Who is the real Earl Sweatshirt? The question is more pertinent than ever as he strikes out alone on I Don’t Like Shit, I Don’t Go Outside: An Album By Earl Sweatshirt. Produced almost entirely by himself under the alias randomblackdude, with a Left Brain beat and guest verse from the group’s quasi-member Vince Staples (the only Odd Future contributions), IDLS is the record Earl wants us to see as his manifesto proper. It’s the first album he puts out as a man after two often slapdash, occasionally brilliant solo outings with the boys.
This is a strange angle for Earl to come at us with, because IDLS presents us with someone struggling to reconcile the person he is, the person people thought he was, and the person he might become. Having always been the OFWGKTA member of the greatest lyrical promise, the weight of expectation that was exacerbated by the ‘Free Earl’ campaign, which drew Sweatshirt as a caricature of the already cartoonish, loquacious brat of his first self-titled mixtape. Whereas Doris often found itself caught between the poles of pandering to that perception and demonstrating growth, IDLS has Earl retreating (as the title might suggest) from a world that doesn’t get him. The trouble is that this sees him also toying with turning his back on the listener, himself and his craft.
The sound palette of IDLS is generally hostile, even alienating. Many of the beats simultaneously appear sparse and yet in danger of swamping themselves, with mucky ambiences skulking behind percussive sounds that could have been made by banging driftwood on an oil barrel. Drum patterns lurch drunkenly, with tracks like “AM // Radio” barely interested in holding a rhythm together at all. Occasionally a more sprightly production like “Huey” slips through, but these are brief excursions that seem designed more to laugh grimly at the idea that, while there was once a possibility of a lighter and more nimble record than IDLS (see the almost-banger “Mantra”), Earl’s intent on dragging the project down into the murkier corners of his psyche.

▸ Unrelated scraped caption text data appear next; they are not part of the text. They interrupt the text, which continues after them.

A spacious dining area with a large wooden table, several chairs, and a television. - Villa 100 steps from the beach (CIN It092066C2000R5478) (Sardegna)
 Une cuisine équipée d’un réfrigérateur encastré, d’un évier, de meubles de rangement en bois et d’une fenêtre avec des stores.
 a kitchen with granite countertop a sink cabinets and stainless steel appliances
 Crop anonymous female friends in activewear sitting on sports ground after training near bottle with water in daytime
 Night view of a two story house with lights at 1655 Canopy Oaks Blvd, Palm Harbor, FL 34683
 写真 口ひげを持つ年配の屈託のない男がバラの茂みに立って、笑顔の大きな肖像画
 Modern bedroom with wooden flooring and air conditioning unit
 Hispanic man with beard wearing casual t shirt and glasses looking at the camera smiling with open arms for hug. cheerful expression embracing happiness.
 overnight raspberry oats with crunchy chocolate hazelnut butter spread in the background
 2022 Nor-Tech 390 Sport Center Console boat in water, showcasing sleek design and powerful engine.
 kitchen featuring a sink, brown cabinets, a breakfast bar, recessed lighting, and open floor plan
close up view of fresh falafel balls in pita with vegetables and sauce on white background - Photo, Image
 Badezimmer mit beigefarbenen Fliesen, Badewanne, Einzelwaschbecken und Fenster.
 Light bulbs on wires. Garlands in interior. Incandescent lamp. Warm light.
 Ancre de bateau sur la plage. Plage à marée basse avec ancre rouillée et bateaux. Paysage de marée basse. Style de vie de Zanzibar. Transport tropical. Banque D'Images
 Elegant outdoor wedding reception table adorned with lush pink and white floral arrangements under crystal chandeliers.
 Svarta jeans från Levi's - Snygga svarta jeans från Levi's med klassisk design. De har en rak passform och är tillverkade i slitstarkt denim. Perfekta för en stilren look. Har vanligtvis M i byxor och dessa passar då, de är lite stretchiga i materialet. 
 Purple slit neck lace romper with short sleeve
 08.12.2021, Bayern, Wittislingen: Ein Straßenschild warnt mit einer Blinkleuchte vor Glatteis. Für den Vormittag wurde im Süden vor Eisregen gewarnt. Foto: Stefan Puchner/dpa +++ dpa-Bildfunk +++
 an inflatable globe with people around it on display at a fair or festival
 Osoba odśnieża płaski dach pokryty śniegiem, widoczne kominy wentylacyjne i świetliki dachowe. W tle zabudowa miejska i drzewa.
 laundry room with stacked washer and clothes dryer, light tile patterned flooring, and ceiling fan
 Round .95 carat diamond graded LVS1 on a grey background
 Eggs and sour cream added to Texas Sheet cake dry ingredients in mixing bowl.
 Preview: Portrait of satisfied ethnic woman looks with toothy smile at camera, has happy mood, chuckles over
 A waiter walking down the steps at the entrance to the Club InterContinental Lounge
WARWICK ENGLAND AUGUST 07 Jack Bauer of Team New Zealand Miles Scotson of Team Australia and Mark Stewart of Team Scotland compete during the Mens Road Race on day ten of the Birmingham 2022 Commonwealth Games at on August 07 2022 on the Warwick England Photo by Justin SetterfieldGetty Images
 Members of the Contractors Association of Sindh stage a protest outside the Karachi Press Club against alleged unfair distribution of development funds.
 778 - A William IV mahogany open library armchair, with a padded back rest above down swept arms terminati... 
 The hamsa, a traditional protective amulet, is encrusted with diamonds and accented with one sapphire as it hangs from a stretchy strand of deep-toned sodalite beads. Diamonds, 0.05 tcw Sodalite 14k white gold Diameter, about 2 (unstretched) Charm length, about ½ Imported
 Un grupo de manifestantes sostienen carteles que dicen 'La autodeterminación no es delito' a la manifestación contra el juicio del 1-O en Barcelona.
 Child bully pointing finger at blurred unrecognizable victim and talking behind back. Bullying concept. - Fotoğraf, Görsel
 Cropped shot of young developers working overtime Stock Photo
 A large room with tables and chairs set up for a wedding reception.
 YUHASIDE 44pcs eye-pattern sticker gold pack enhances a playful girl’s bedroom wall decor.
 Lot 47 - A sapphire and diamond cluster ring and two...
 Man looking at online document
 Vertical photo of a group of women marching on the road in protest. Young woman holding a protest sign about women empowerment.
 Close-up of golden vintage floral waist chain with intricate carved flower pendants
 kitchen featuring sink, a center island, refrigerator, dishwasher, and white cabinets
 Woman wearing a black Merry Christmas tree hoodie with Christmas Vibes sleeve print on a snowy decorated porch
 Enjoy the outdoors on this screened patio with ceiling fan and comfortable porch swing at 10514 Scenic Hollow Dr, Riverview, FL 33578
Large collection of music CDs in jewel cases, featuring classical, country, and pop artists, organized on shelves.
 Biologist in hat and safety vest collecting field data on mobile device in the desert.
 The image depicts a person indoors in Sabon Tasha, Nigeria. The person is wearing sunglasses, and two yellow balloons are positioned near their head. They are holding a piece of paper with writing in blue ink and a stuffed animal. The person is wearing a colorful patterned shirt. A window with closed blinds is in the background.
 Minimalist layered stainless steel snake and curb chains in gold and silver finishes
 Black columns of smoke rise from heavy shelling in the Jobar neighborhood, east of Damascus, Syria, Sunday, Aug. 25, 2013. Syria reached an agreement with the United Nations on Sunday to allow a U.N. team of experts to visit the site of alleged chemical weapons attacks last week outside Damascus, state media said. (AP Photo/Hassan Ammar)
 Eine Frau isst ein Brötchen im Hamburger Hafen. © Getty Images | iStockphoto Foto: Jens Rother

While Earl has obviously always found joy in the possibilities of language, much of IDLS sees him playing these purer joys off against the trauma of growing up in public and not living up to expectation, both other people’s and his own high standards. When he sulkily snarls ‘I don’t act hard, I’m a hard act to follow’ on “Grief”, the phrase comes off less as typical hip-hop braggadocio and more a man alienated by his own intelligence from the things and people he loves. This anger turned inward soon manifests in self-destruction, as Earl talks addiction and self-hatred, desperate to keep ‘my time and my mind intact’ but possibly not able to summon the energy for the fight. Ratking’s Wiki treads a similar line on AM // Radio, marrying literal abjection (‘spit out my food, hiccup and piss/urine burning, I can smell the liquor in this’) with acknowledgement of rap as a place of cathartic self-manifestation; ‘when I rap I blast off … keep my head screwed on and abuse these mics’.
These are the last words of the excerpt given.